Le cinéaste juxtapose astucieusement les différentes notions de privation de la liberté par les préjugés et renoue avec la puissante mise en accusation de la logique carcérale qui a alimenté son grand premier long, Hunger, dans son portrait bouleversant d'humanité d'une poignée d'hommes et de femmes égulièrement confrontés à la discrimination et à la violence d'une police raciste, mais qui embrassent néanmoins pleinement la vie à pleine bouche.

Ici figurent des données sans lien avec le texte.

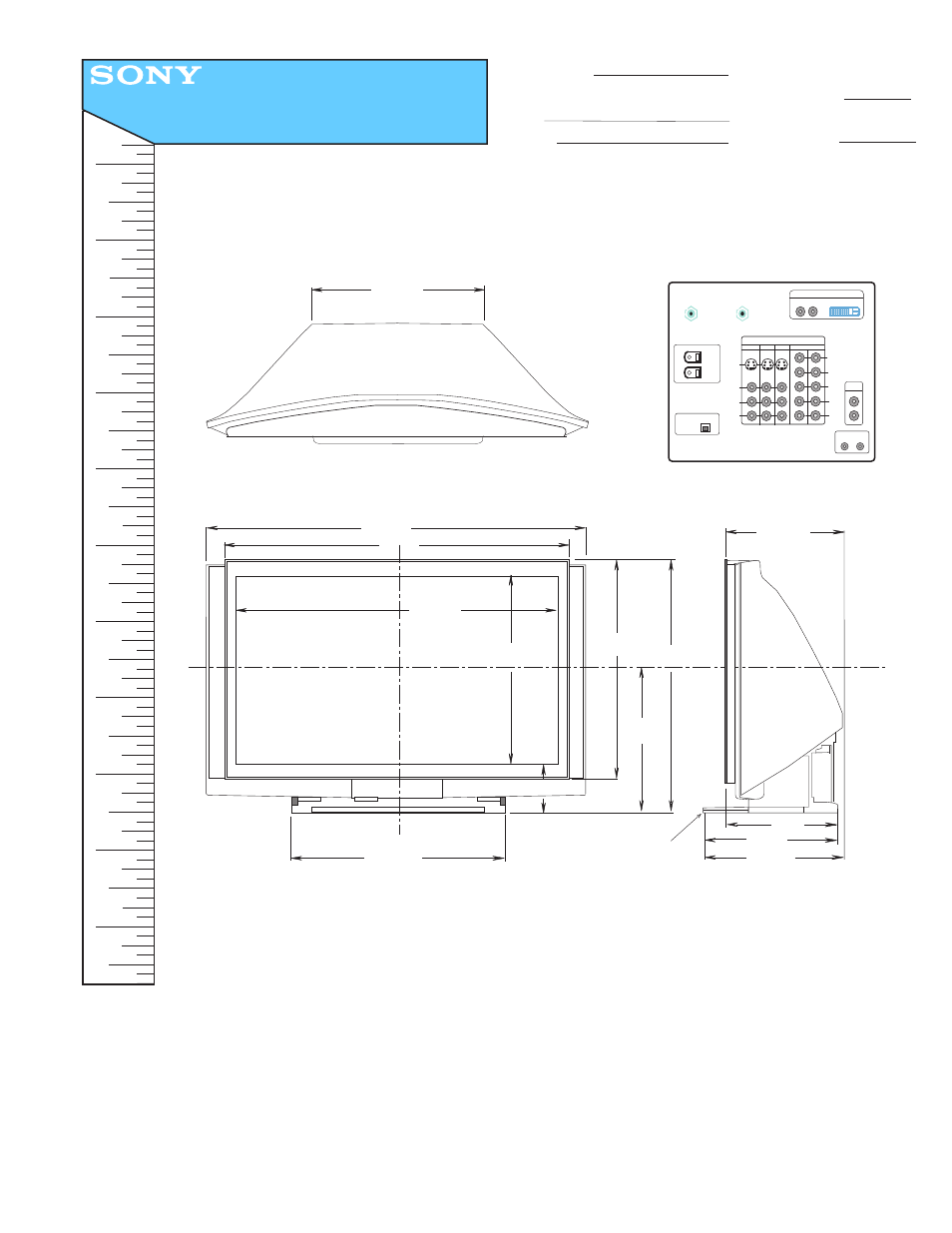 Sony KDF-60XBR950 User Manual | 1 page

Un vrai témoignage à la portée universelle (et encore plus aujourd'hui, époque où les manifestants sont confrontés à des réactions violentes juste pour avoir fait entendre leur voix), autant sur un tournant dans l’histoire des droits civiques au Royaume-Uni, que sur la contradiction de la justice britannique traditionnelle, incarnant à la fois le bouclier et le bâton dans son traitement des personnes de couleur et des réfugiés, tout en défendant sans réserve l'establishment - et en particulier la police.

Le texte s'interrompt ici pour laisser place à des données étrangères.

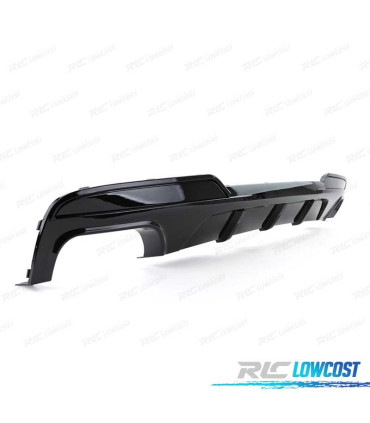 DIFFUSEUR ARRIÈRE BMW F10 F11 10-17 LOOK M PERFORMANCE NOIR BRILLANT + EMBOUTS NOIR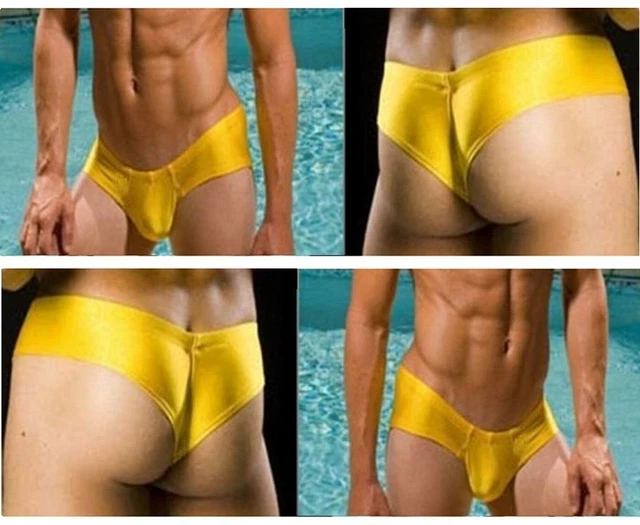 MCT Herren Bade SLIP Badehose Swell Push-Up Bulge TANGA In BLAU In - Foto 3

Dans la peau de la militante Altheia Jones-LeCointe, Letitia Wright illumine le film de sa présence captivante (chaque fois quelle prend la parole, elle bouffe littéralement la caméra), et brûle tout du long du feu de la justice.

Lovers Rock
De loin le plus doux effort de l'anthologie, le second opus en est peut-être aussi le plus beau et intime, véritable fable hypnotique sur le désir de communauté d'une poignée d'âmes au coeur des 80s, à qui l'on refuse le moindre des petits plaisirs de la vie - un accès aux bars, restaurants,...
Filmé quasiment en temps réel, Lovers Rock est une ode fiévreuse et sensuelle emballée par une caméra flottante, une danse suave et exubérante baignée dans une atmosphère anxieuse et pleine d'ivresse ou le message politique n'est pas plus important que celui des coeurs qui s'embrasent, s'unissent et se blessent.

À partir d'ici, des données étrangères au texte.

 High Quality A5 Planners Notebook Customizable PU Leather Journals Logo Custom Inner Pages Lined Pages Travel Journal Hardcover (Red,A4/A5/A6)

Comme un reggae embaumé de sueur et de phéromones (même les murs semblent transpirer), McQueen capture l'énergie et la promesse optimiste d'une seule nuit à la magie chaotique, répondant à ce que cela signifie de trouver du réconfort et un tant soit peu de solidarité dans un monde vaste et froid qui ne semble pas vouloir de vous; comme si l'élan du pouvoir de la communauté et de la musique, pouvait être tout ce qui compte dans un pays sombre.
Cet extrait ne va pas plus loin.